Ray 1.3+ spills objects to external storage once the object store is full. By default, objects are spilled to Ray's temporary directory in the local filesystem.

Single node
-----------

Ray uses object spilling by default. Without any setting, objects are spilled to `[temp_folder]/spill`. `temp_folder` is `/tmp` for Linux and MacOS by default.

To configure the directory where objects are placed, use:

.. code-block:: python

    ray.init(
        _system_config={
            "object_spilling_config": json.dumps(
                {"type": "filesystem", "params": {"directory_path": "/tmp/spill"}},
            )
        },
    )

You can also specify multiple directories for spilling to spread the IO load and disk space
usage across multiple physical devices if needed (e.g., SSD devices):

.. code-block:: python

    ray.init(
        _system_config={
            "max_io_workers": 4,  # More IO workers for local storage.

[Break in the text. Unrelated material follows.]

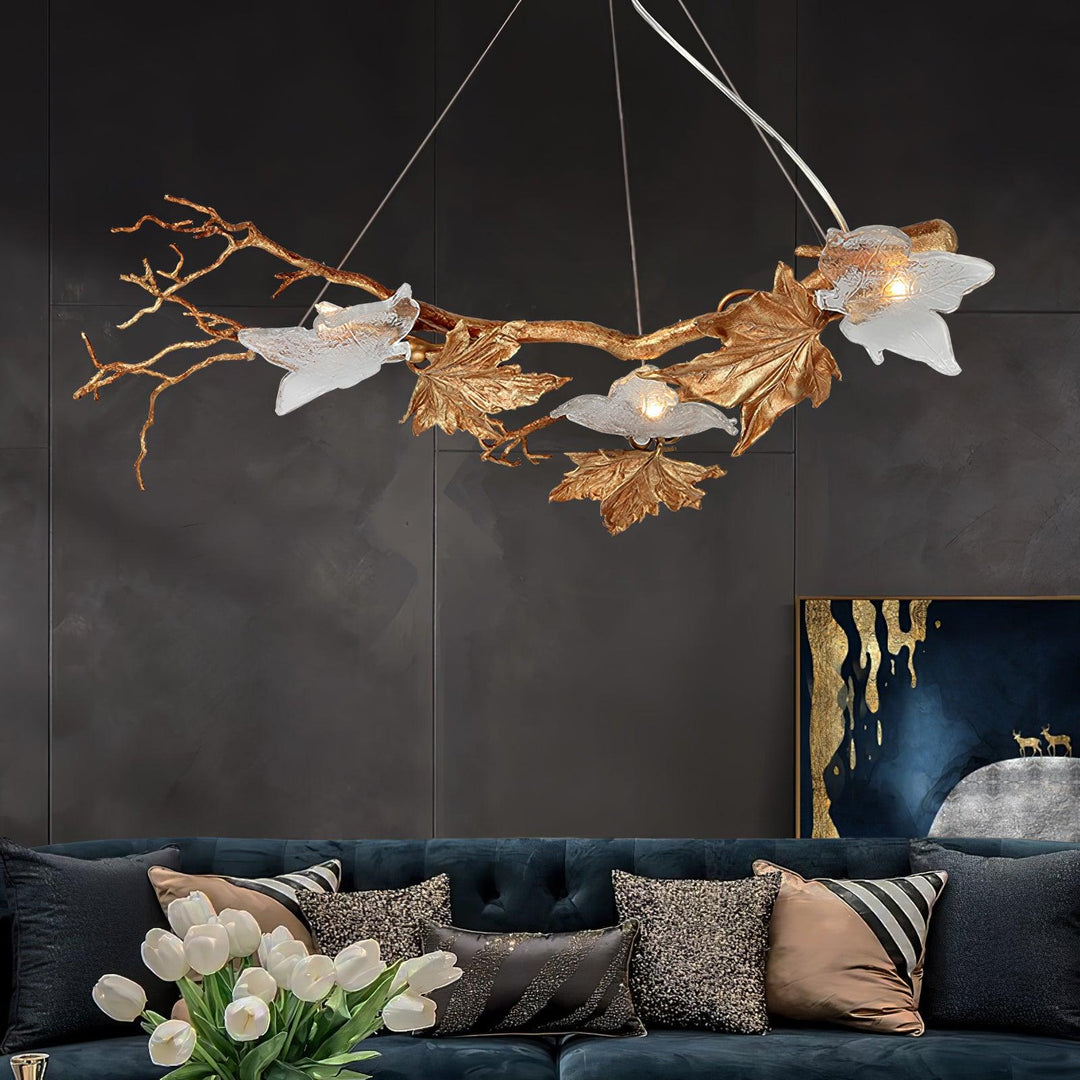 Abigail Suspension en Verre de Luxe - Neutralighting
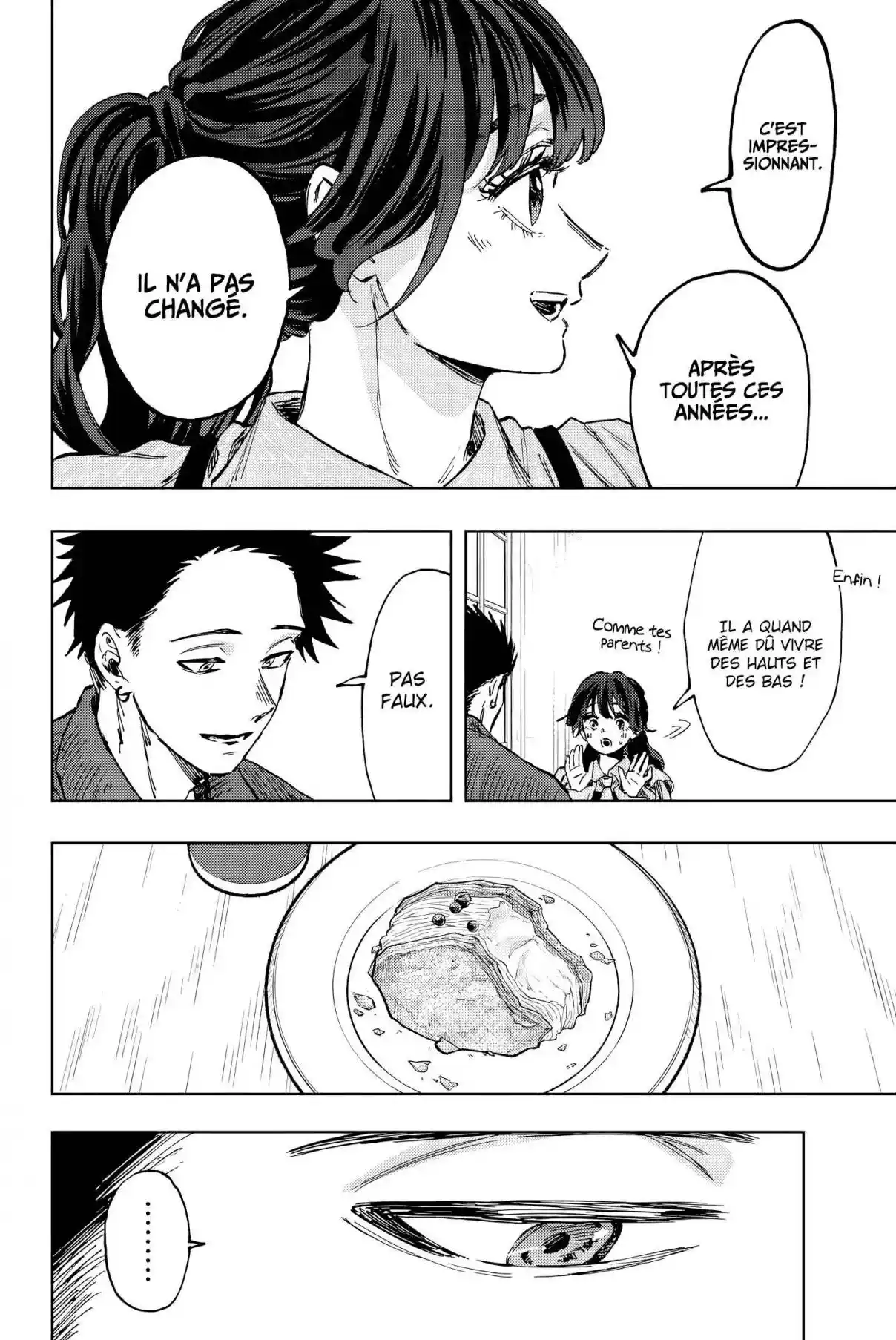 Read The Fragrant Flower Blooms with Dignity FR Manga Online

Each IO worker tries using a different directories.
            "object_spilling_config": json.dumps(
                {
                  "type": "filesystem",
                  "params": {
                    # Each directory could mount at different devices.
                    "directory_path": [
                      "/tmp/spill",
                      "/tmp/spill_1",
                      "/tmp/spill_2"}},
            )
        },
    )

.. note::
  
  To optimize the performance, it is recommended to use SSD instead of HD when using object spilling for memory intensive workloads.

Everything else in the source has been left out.